O

İsra

O

   

60- Ey Muhammed, hani sana "Rabbin insanları (Mekkeli müşrikleri) kuşatma altına aldı " dedik. (O gece) sana gösterdiğimiz görüntüleri ve Kur'an'da adı geçen lanetlenmiş ağacı da sırf insanlara bir sınav konusu olsun diye ortaya koyduk. Onları korkutuyoruz ama bu korkutmalarımız azgınlıklarını arttırmaktan başka bir işe yaramıyor.

İsra olayından sonra peygambere iman edenlerin bir kısmı dinden dönmüştü. Bir kesim ise dininde direnmiş ve inancını arttırmıştı. İşte bu nedenle yüce Allah'ın kuluna bu gecede gösterdiği rüya (insanlar için bir deneme) olmuştu. İmanları için bir sınav niteliğindeydi. Yüce Allah'ın insanları kuşatma altına alışına gelince bu Allah'ın peygamberine zafer vadetmesi ve kendisini onların saldırılarından koruması anlamına geliyordu.

Peygamber, Allah'ın kendisine verdiği bu sözü onlara bildirmiş ve kendisine gösterilen apaçık gerçekleri onlara anlatmıştı. Gördüğü gerçeklerden biri de Allah'ın yalanlayıcıları korkutmak amacıyla sözkonusu yaptığı zakkum ağacı idi. Onlar bu haberi yalanlamışlar ve hatta Ebu Cehil: "Bize hurma ve kaymak getirin. Sonra bunları bir ondan, bir bundan yiyerek zıkkımlanın! Bize göre zakkum bundan başka bir şey değildir!" diye alay etmişti.

Eğer somut mucizeler ve peygamberlerin eliyle gerçekleşen harika olaylar önceki peygamberliklerde olduğu gibi Hz. Muhammed'in -salât ve selâm üzerine olsun- peygamberliğinin de işareti olsaydı acaba bu toplumun durumu ne olurdu? Bu toplum İsra mucizesini ve zakkum ağacıyla tehdit edilişini hiçe saymış ve bu girişimler onların azgınlığını daha da arttırmaktan başka bir şeye yaramamıştı?

Yüce Allah onları katından göndereceği bir azap ile yoketmeyi istemediğinden onlara harika bir mucize göndermemişti. Zira Allah'ın iradesi mucizeleri yalanlayanları yoketmeyi gerektirmiştir. Kureyş'e gelince onlara zaman tanımı Hz. Nuh, Hz. Hud, Hz. Salih, Hz. Lut ve Hz. Şuayb'ın toplumları gibi onları hemen cezalandırmayı dilememiştir. Bu sırada peygambere karşı çıkanların bir kısmı daha sonra iman etmiş ve İslâm ordusunda seçkin askerler olmuşlardı. Àyrıca gerçek mü'minlerin arasına girenleri de vardır.

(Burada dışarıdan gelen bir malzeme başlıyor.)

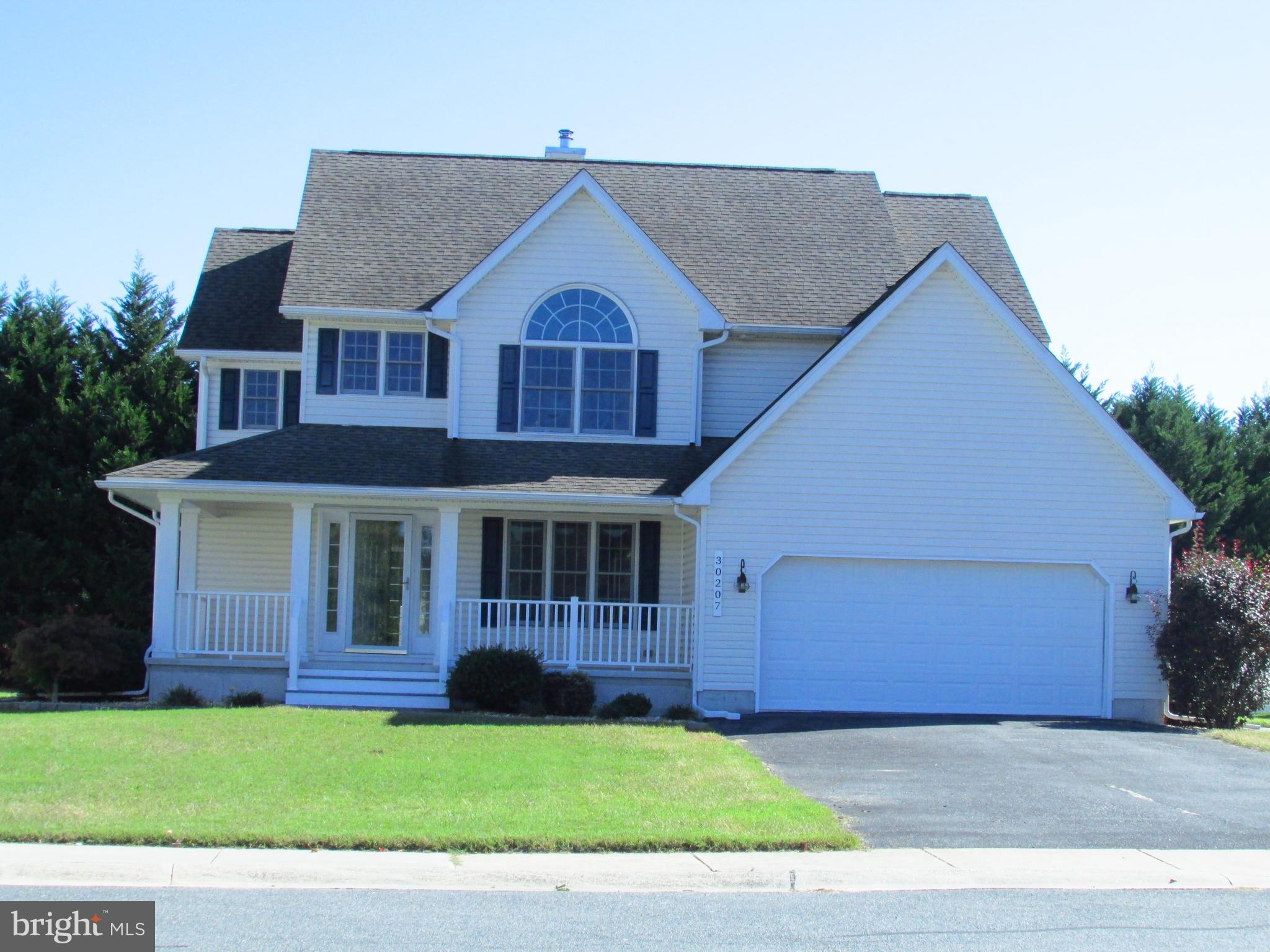 a view of a yard in front of a house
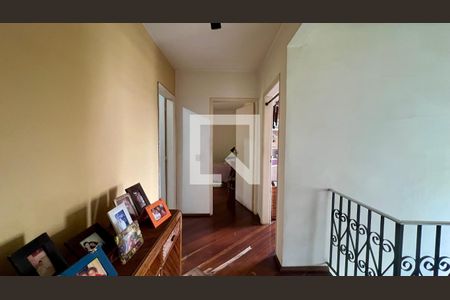 Casa à venda com 275m², 4 quartos e 2 vagasCorredor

İslâmın mucizesi olan Kur'an, Hz. Muhammed'in bulunduğu -salât ve selâm üzerine olsun- kuşağının açık kitabı olduğu gibi, ondan sonraki nesillerin de apaçık kitabıydı. Peygamber zamanına ve arkadaşlarına ulaşmamış pek çok kimseler O'na iman ettiler. Ya Kur'an okuyarak veya Kur'an okuyan bir:ne arkadaş olarak. Kur'an tüm nesiller için apaçık bir kitap olmaya devam edecektir. Henüz gayb aleminin derinliklerinde bulunan insanlar gelip onunla yollarını bulacaklardır ve onlardan öyleleri çıkabilir ki, bunların imanları daha sağlam, amelleri daha düzgün olabilir. Kendisinden önceki pek çok müslümandan daha fazla İslâma itaat edebilir...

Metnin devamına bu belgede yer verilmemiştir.